井上氏は東京都出身。東京大経済学部卒。昭和49年、富士銀行に入行。みずほ銀行常務取締役、みずほ情報総研取締役社長などを歴任。平成25年4月に常磐興産顧問。同6月から現職。

東日本大震災・東電福島第一原発事故によって、観光需要が落ち込んだ中で、スパリゾートハワイアンズの経営改革を進め、高低差・長さ日本一のボディスライダー「ビッグアロハ」のオープンや、新ホテル「カピリナタワー」の開業準備に当たった。いわき観光まちづくりビューロー会長や、サモアの名誉領事にも就いている。

<新型コロナで業績予想は下方修正>

常磐興産は27日、令和2年3月期の連結業績予想について下方修正し、前回予想(2月)の純利益4億2000万円から、1億2000万円の赤字に転落した。

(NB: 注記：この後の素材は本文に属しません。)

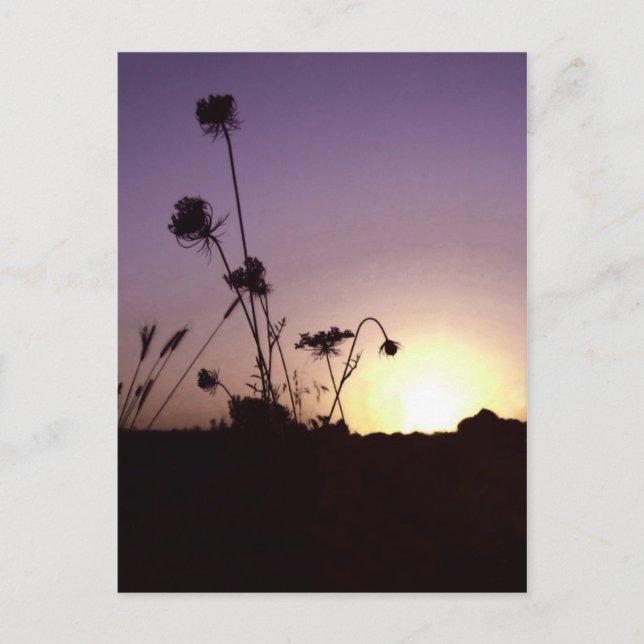 Postal de las Flores Silvestres (Anverso)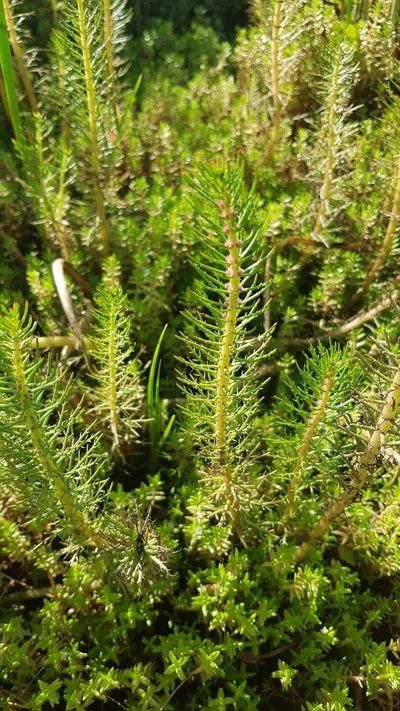 Myriophyllum crispatum, photographed by Ronan Ryan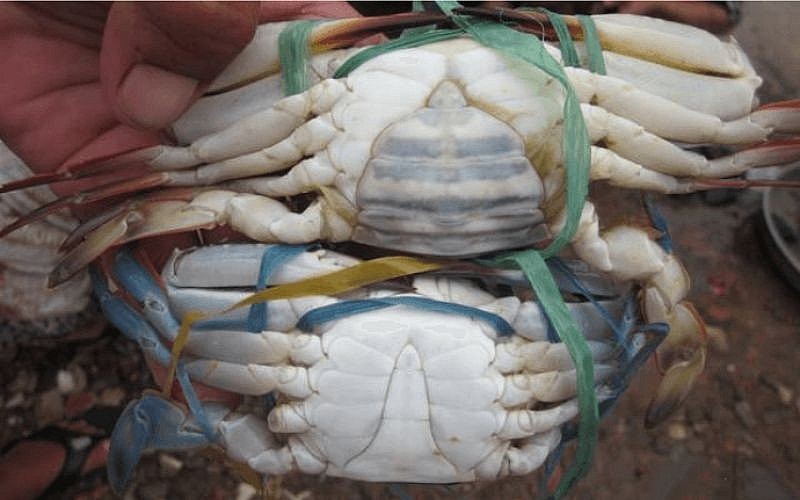 Chọn ghẹ theo giới tính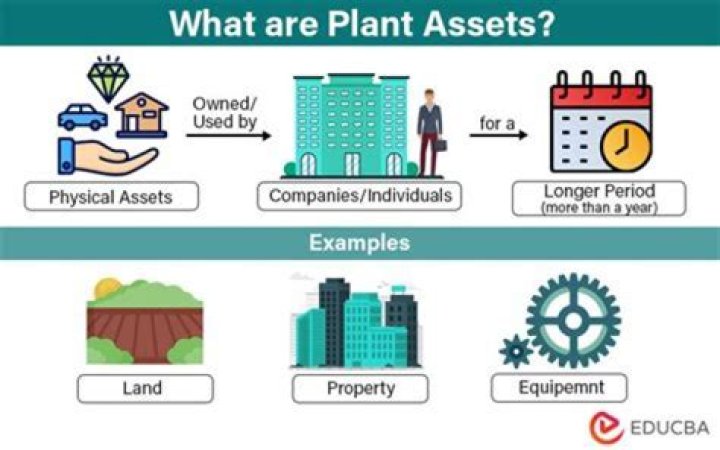 What are examples of plant assets?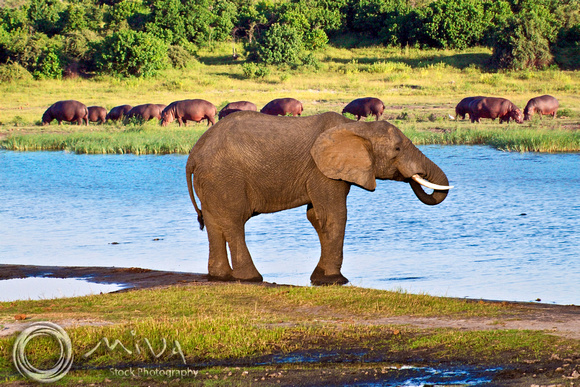 Miva Stock_2800 - Botswana, Chobe NP, Elephant, Hippos, river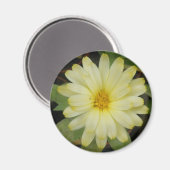 Beautiful Yellow Marigold Magnet (Vorderseite/Rückseite)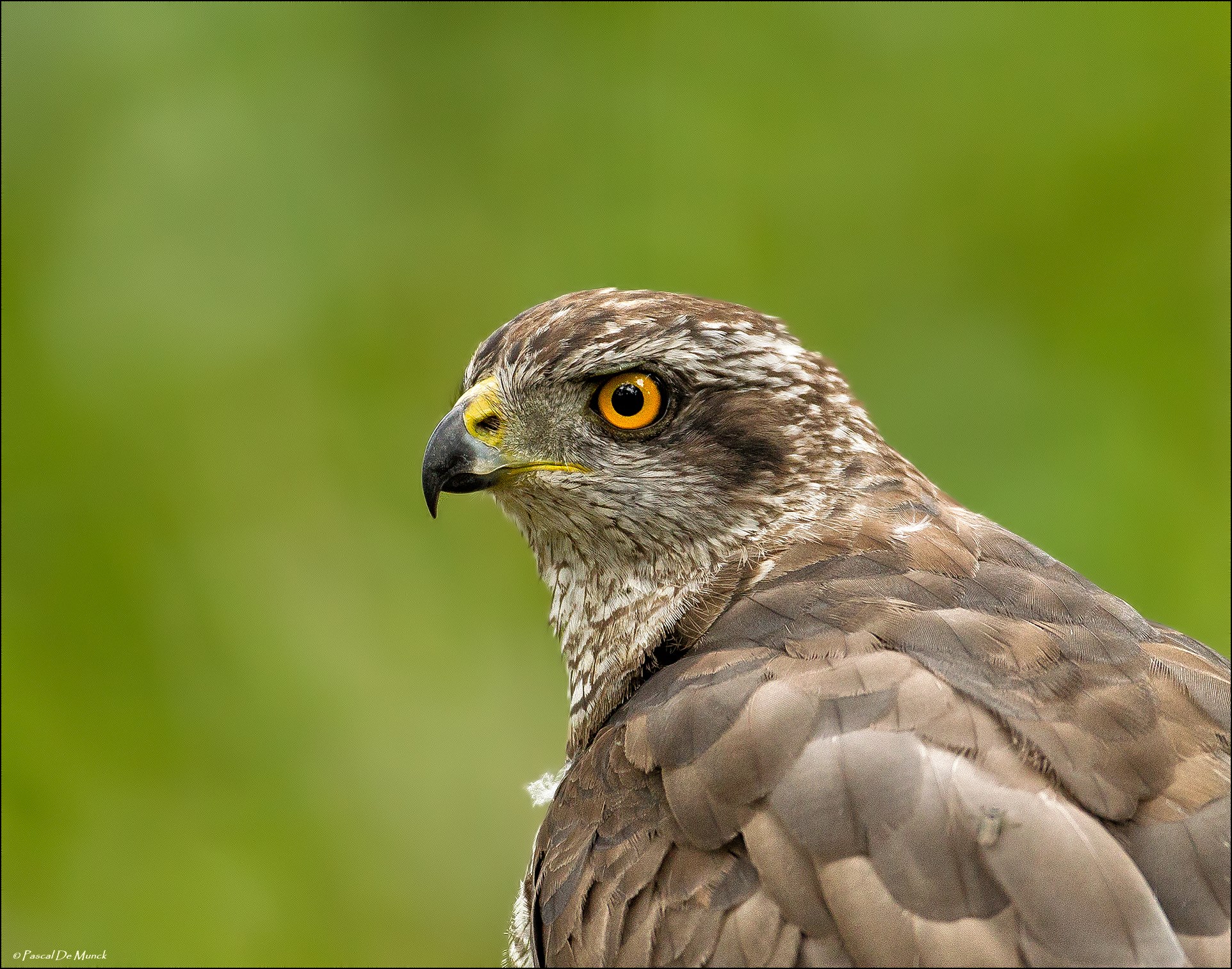 Goshawk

赤字転落の要因としては、新型コロナウイルスの感染拡大に伴い、ハワイアンズの臨時休業や、宿泊施設の予約キャンセルが響いた。新たな予想では、売上高は259億9000万円(前回比4・4%減)、経常利益は1000万円(同96・8%減)。

写真は、西沢氏(右)と井上氏(クリックで拡大)

■県の協力金・最大30万円 正式決定 時間短縮の飲食店も対象に

県は27日、新型コロナウイルスの感染拡大に伴い、休業要請に応じた事業者に向け、10〜30万円の協力金を支給すると正式に発表した。休業要請が出されていない分野のうち、飲食店(居酒屋含む)や旅館なども対象と決めた。

内堀知事が27日、福島市・県庁での定例記者会見で明らかにした。協力金では一律10万円に加え、県内に賃貸の事業所が1カ所ある場合にはもう10万円、複数の場合にはもう20万円を追加する。飲食店はテイクアウトを行っていても、営業短縮を実施していれば受けられる。

その他にも適用に当たっての要件あり。問い合わせは、県緊急事態措置コールセンター=電話024(521)8643=まで。時間は午前9時〜午後6時。